IJ Appeals Maine School Choice Case To U.S. Supreme Court

October 1, 2006

October 2006

IJ Appeals Maine School Choice Case To U.S. Supreme Court

Some towns in Maine are too small to have their own public schools. Instead, such “tuitioning” towns pay tuition for parents to send their children to any public or private school they choose—except religious schools, which are banned from the program by State law. In Anderson v. Town of Durham, the Institute for Justice has asked the U.S. Supreme Court to declare the State’s discriminatory tuitioning program unconstitutional under the free speech, free exercise and equal protection provisions of the U.S. Constitution.

After more than 100 years of religious neutrality and inclusion, in 1980 Maine suddenly kicked children whose parents selected religious schools for them out of its tuitioning program, citing federal Establishment Clause concerns.
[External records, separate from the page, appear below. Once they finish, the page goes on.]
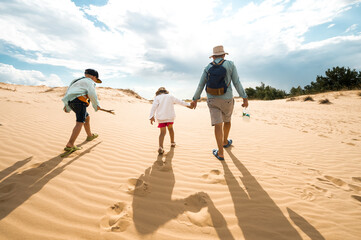 Fototapeta premium Man and kids boy and girl walk through desert in Oleshky Sands, Kherson region, Ukraine. The largest desert in Europe. People with backpack and water in bottle
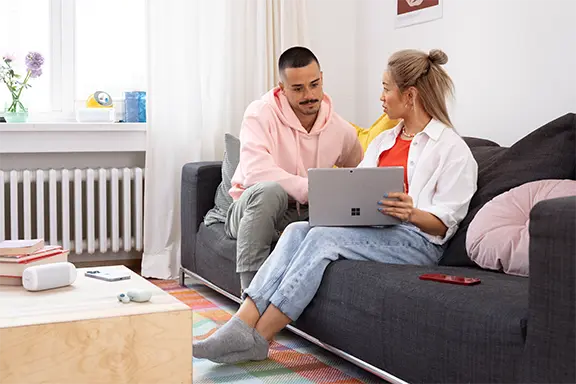 Person sitzt auf der Couch vor einem geöffneten Notebook.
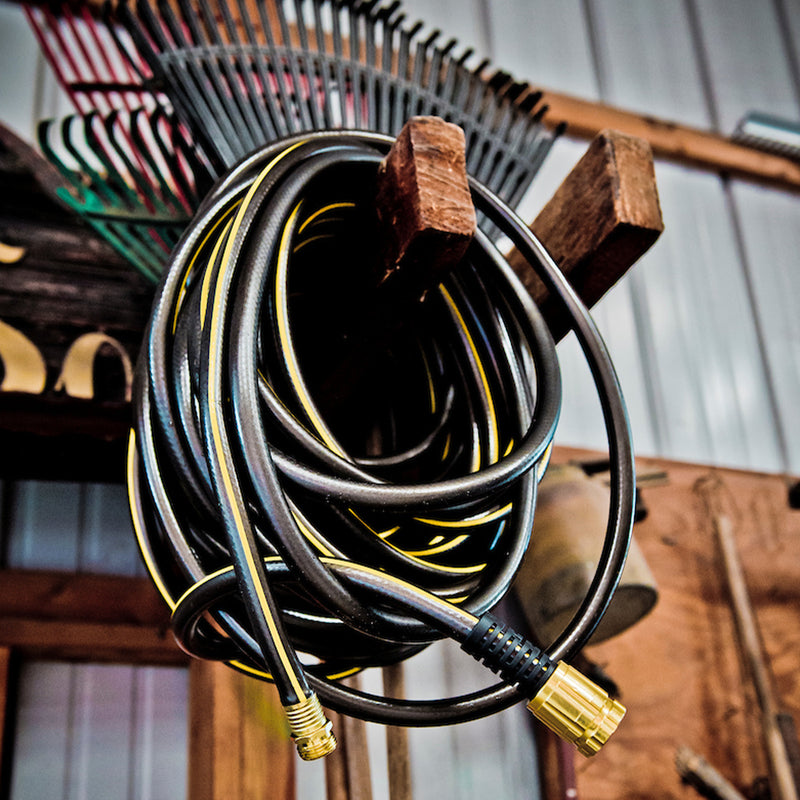 A black and yellow hose wrapped up in storage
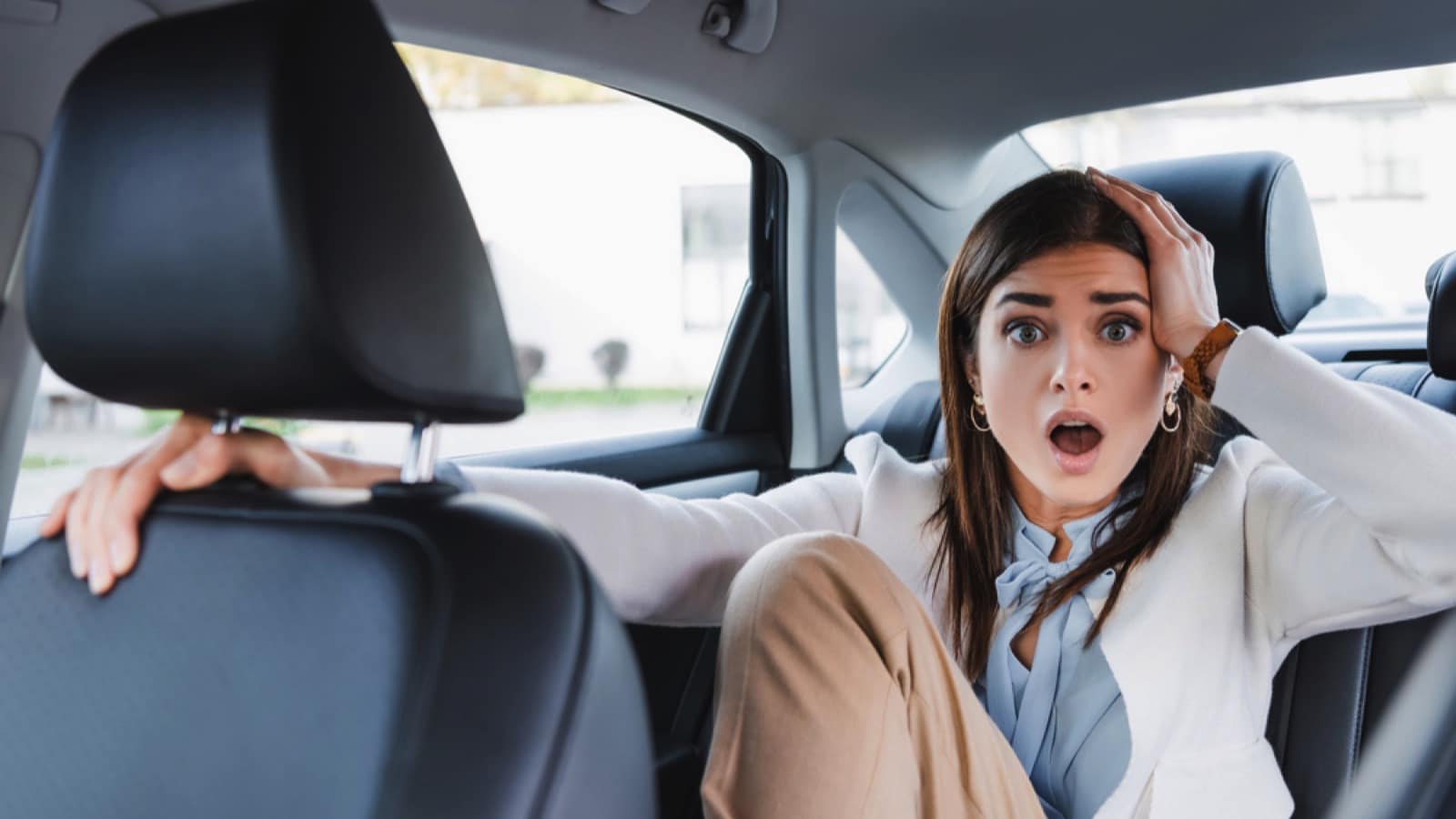 Scared woman in car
But even after the U.S. Supreme Court dispelled those concerns in Zelman v. Simmons-Harris (2002), a case also litigated with the help of the Institute for Justice, Maine refused to go back to a principle of nondiscrimination. IJ then sued the State on behalf of eight families who were denied tuitioning funds based on their preference for religious schools. The Maine Supreme Court upheld the discriminatory tuitioning program based on a fundamental misconception of U.S. Supreme Court precedent.

In Anderson, the Institute for Justice has asked the Court to make clear that the wholesale exclusion of religious options from an otherwise neutral and generally available scholarship program violates the basic nondiscrimination principles of the U.S. Constitution. Such a precedent could present a major step forward for school choice nationwide by undercutting the legal claims of choice opponents. Those opponents argue that state constitutions require the kind of anti-religious discrimination that Maine practices. IJ’s effort is supported by outstanding friend of the court briefs from the states of Florida, Texas and Alabama, as well as the Alliance for School Choice, the Friedman Foundation, Black Alliance for Educational Options (BAEO) and Hispanic Council for Reform and Educational Options (HCREO).